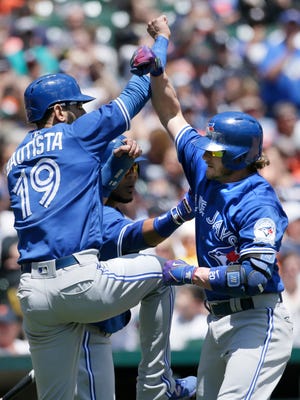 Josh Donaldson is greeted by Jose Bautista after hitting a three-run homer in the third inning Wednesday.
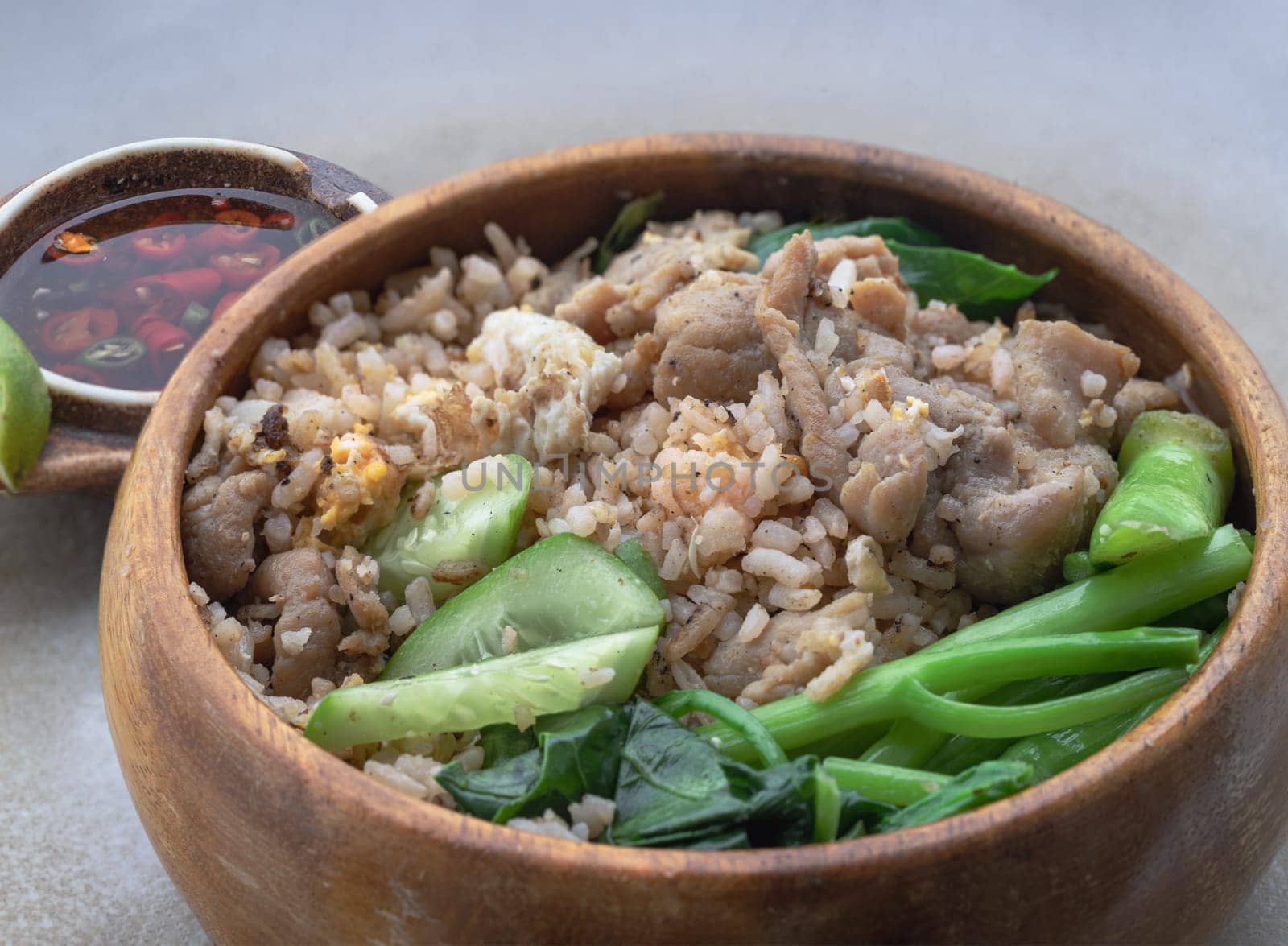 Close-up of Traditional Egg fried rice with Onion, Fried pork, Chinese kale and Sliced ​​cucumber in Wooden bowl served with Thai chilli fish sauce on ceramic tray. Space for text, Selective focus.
★ ★ ★ ★
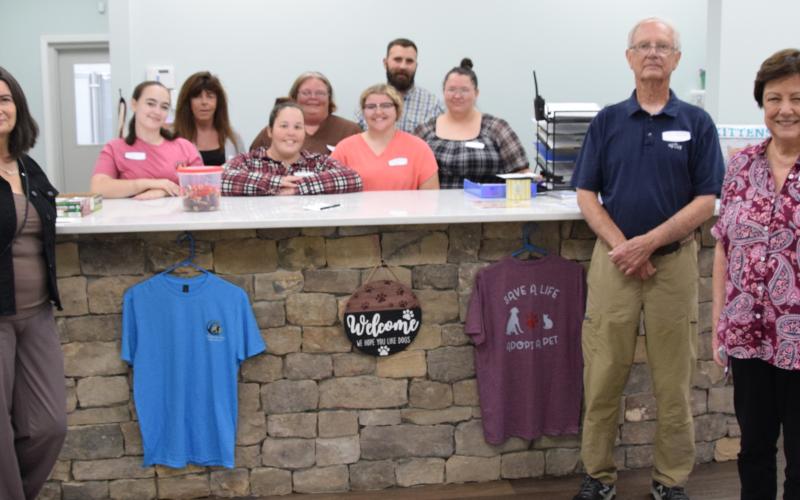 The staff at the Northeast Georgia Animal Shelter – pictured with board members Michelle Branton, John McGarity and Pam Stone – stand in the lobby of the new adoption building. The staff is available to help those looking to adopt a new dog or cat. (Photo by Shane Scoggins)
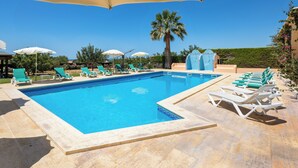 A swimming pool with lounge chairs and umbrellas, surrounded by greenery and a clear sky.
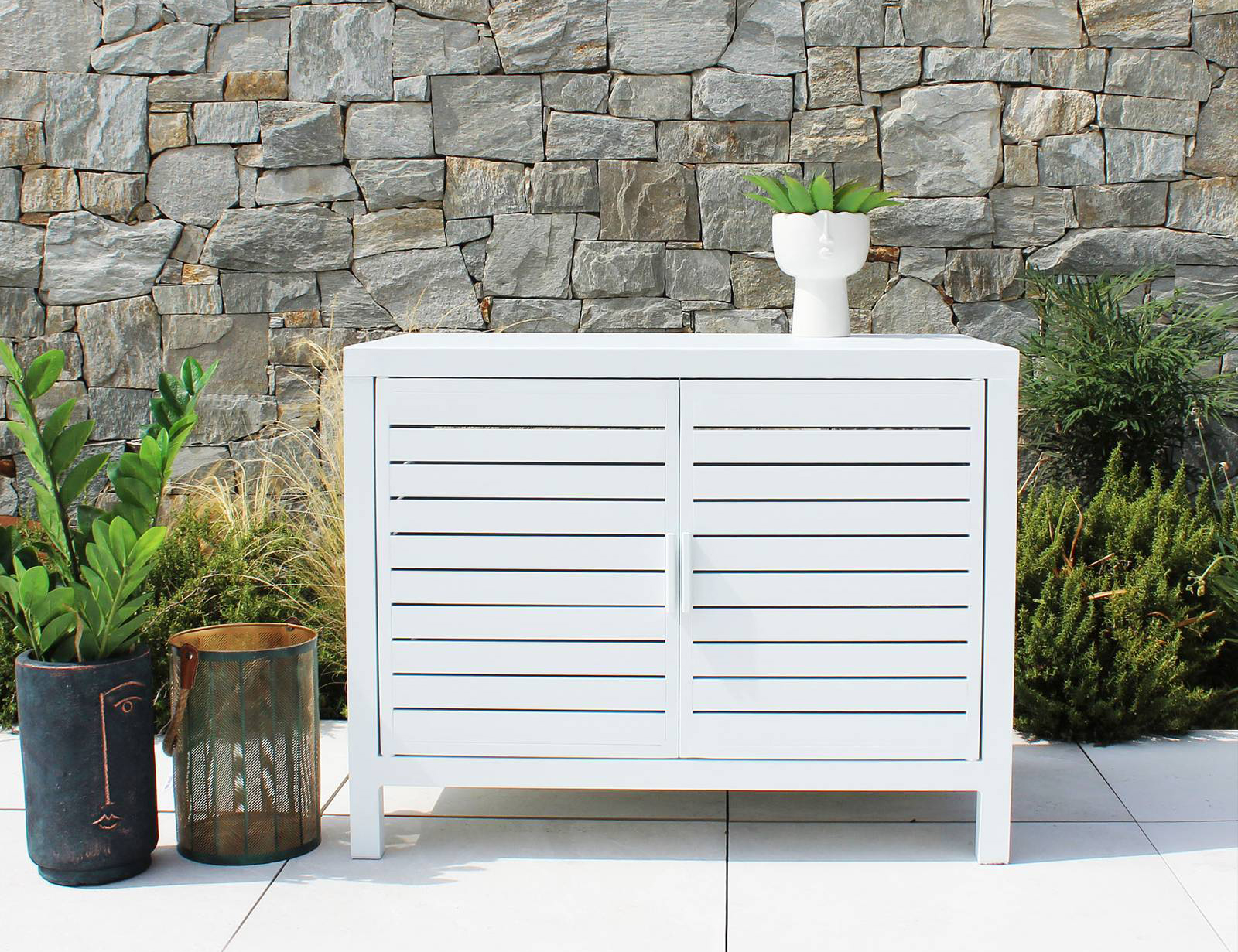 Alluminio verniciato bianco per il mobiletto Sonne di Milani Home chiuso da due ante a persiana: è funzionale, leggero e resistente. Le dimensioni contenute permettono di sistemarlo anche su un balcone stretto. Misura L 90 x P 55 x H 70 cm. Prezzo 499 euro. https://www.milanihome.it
★ ★ ★ ★
[Problem] Produce an exact reproduction of the listing above, limited to the lines starting at the line with "A swimming pool" and ending at the line with "Alluminio verniciato bianco", both kept, with every picture left out.

[Exercise answer]
 A swimming pool with lounge chairs and umbrellas, surrounded by greenery and a clear sky.
 Alluminio verniciato bianco per il mobiletto Sonne di Milani Home chiuso da due ante a persiana: è funzionale, leggero e resistente. Le dimensioni contenute permettono di sistemarlo anche su un balcone stretto. Misura L 90 x P 55 x H 70 cm. Prezzo 499 euro. https://www.milanihome.it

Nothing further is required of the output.